======== EXTRACTED DATA
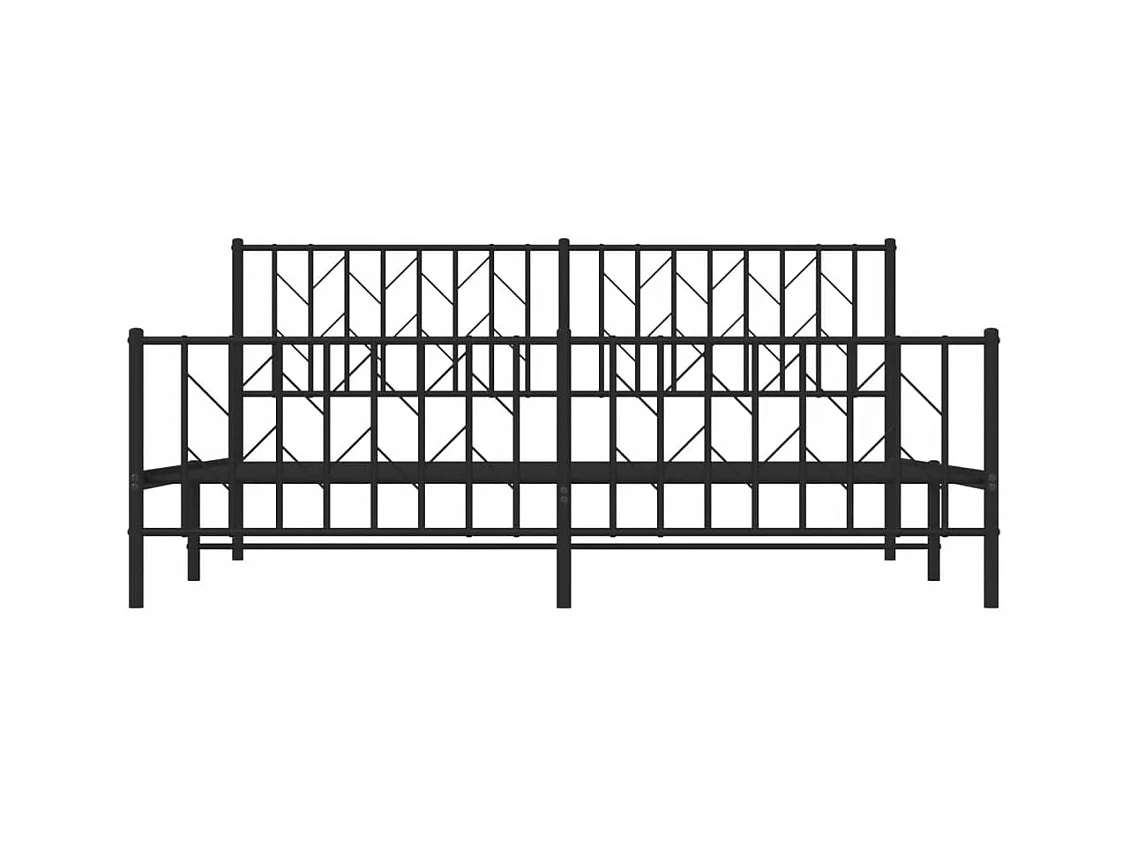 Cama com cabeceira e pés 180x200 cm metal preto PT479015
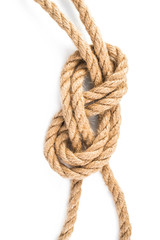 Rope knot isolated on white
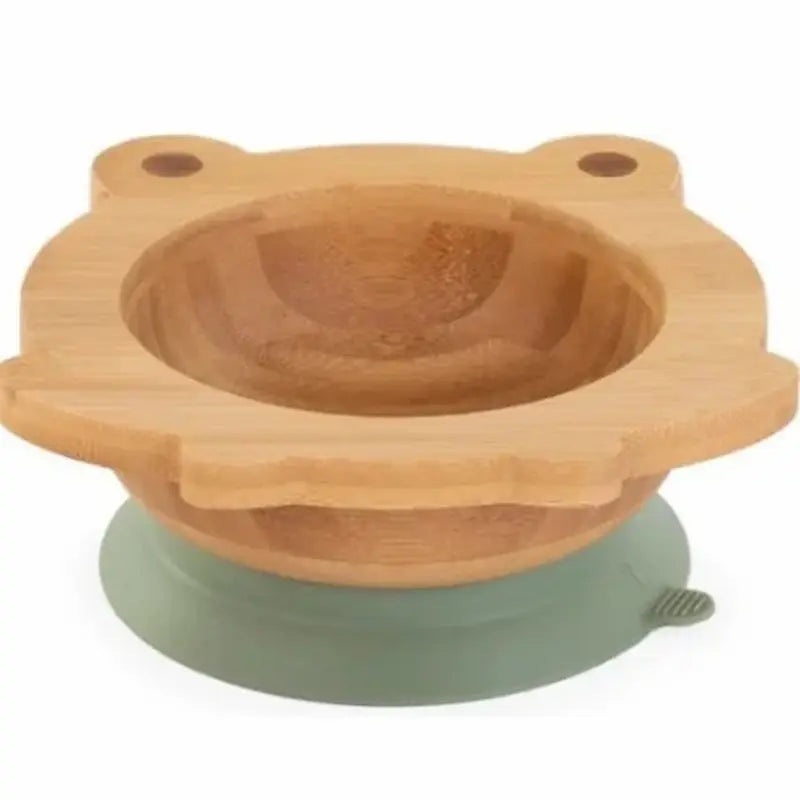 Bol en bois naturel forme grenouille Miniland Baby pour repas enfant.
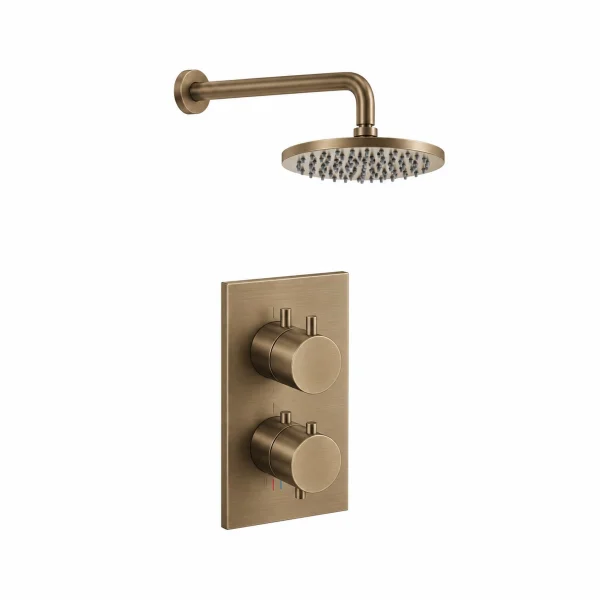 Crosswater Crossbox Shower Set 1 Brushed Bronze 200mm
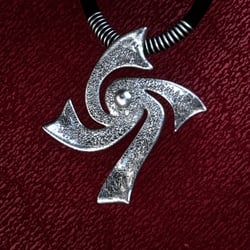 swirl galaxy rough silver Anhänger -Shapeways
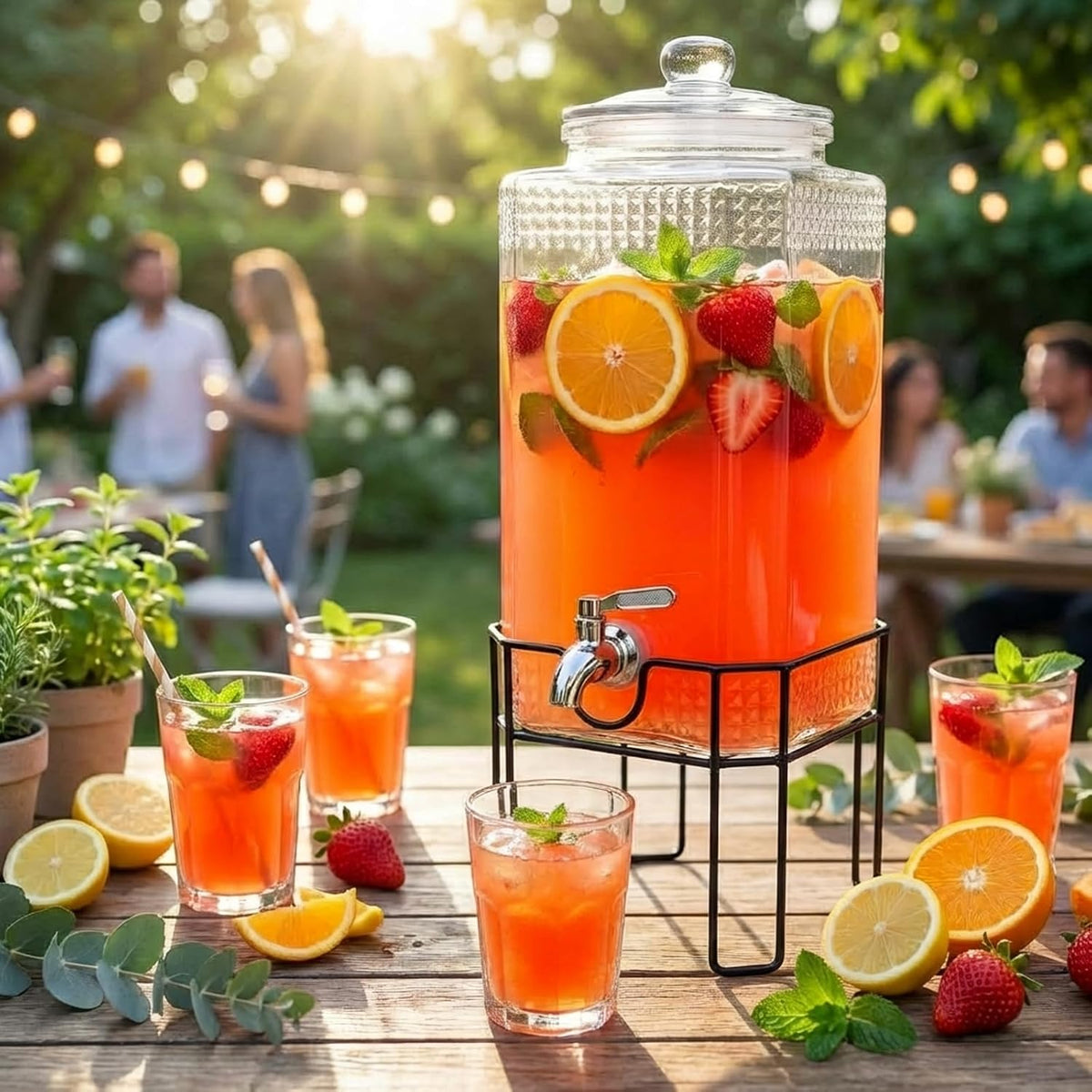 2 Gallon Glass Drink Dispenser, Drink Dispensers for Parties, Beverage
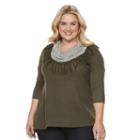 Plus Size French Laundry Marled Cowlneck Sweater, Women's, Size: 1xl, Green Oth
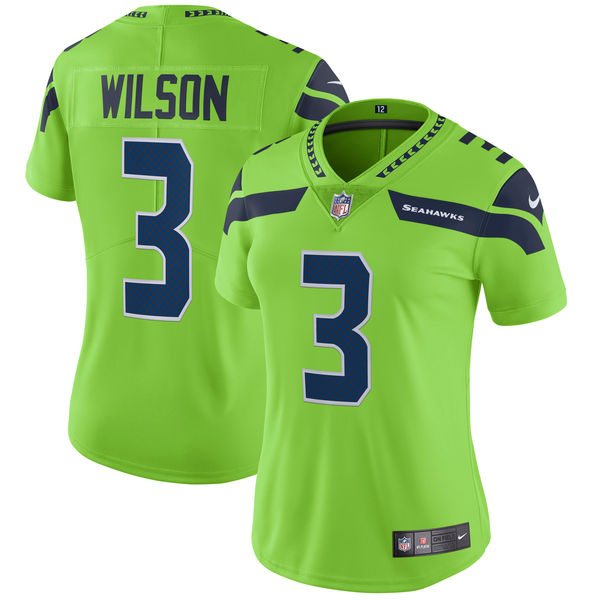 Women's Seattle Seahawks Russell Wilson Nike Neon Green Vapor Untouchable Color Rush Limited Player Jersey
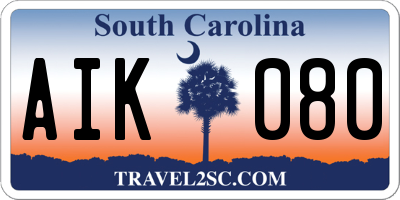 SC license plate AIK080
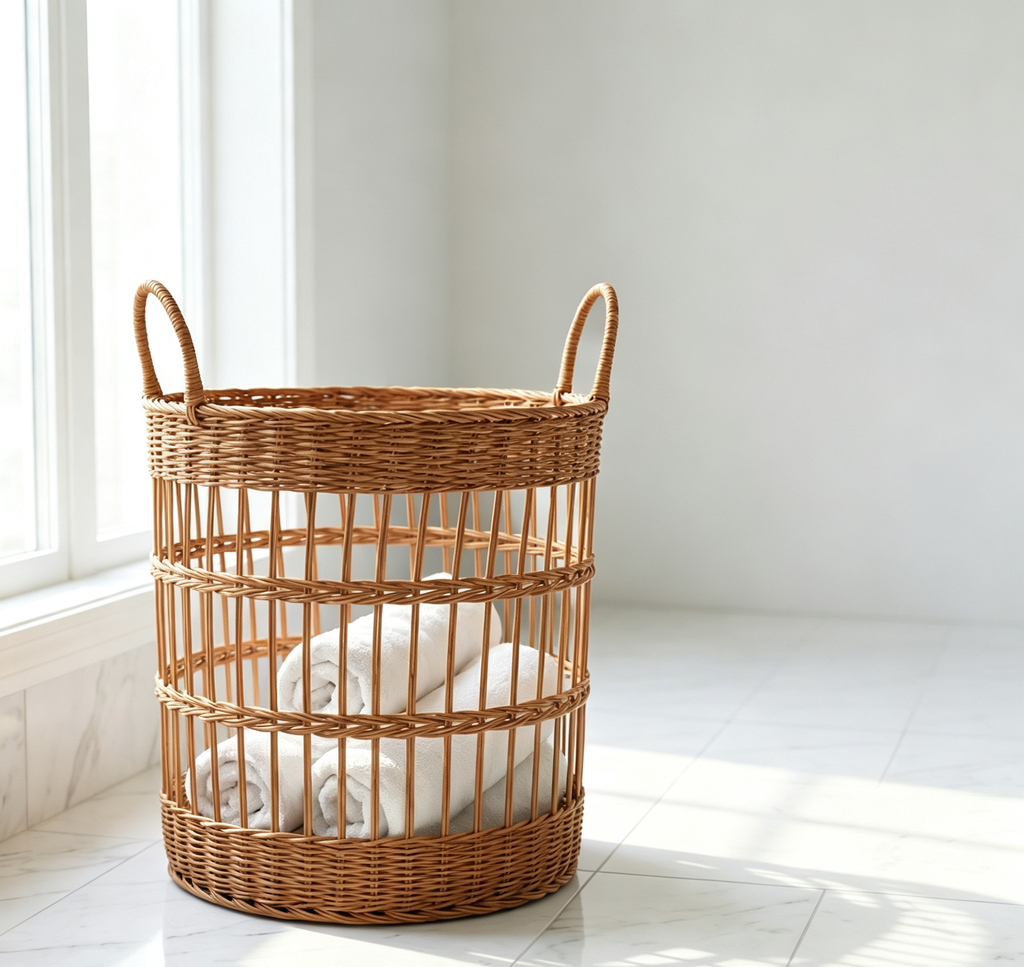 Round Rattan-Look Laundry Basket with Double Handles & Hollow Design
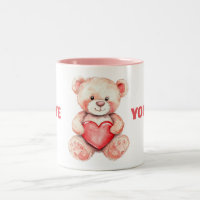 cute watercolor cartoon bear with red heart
================
## [WHAT NEEDS TO BE DONE]
The expected answer is the whole listing above, copied exactly, with images excluded.

## [ANSWER SPACE]
 Cama com cabeceira e pés 180x200 cm metal preto PT479015
 Rope knot isolated on white
 Bol en bois naturel forme grenouille Miniland Baby pour repas enfant.
 Crosswater Crossbox Shower Set 1 Brushed Bronze 200mm
 swirl galaxy rough silver Anhänger -Shapeways
 2 Gallon Glass Drink Dispenser, Drink Dispensers for Parties, Beverage
 Plus Size French Laundry Marled Cowlneck Sweater, Women's, Size: 1xl, Green Oth
 Women's Seattle Seahawks Russell Wilson Nike Neon Green Vapor Untouchable Color Rush Limited Player Jersey
 SC license plate AIK080
 Round Rattan-Look Laundry Basket with Double Handles & Hollow Design
 cute watercolor cartoon bear with red heart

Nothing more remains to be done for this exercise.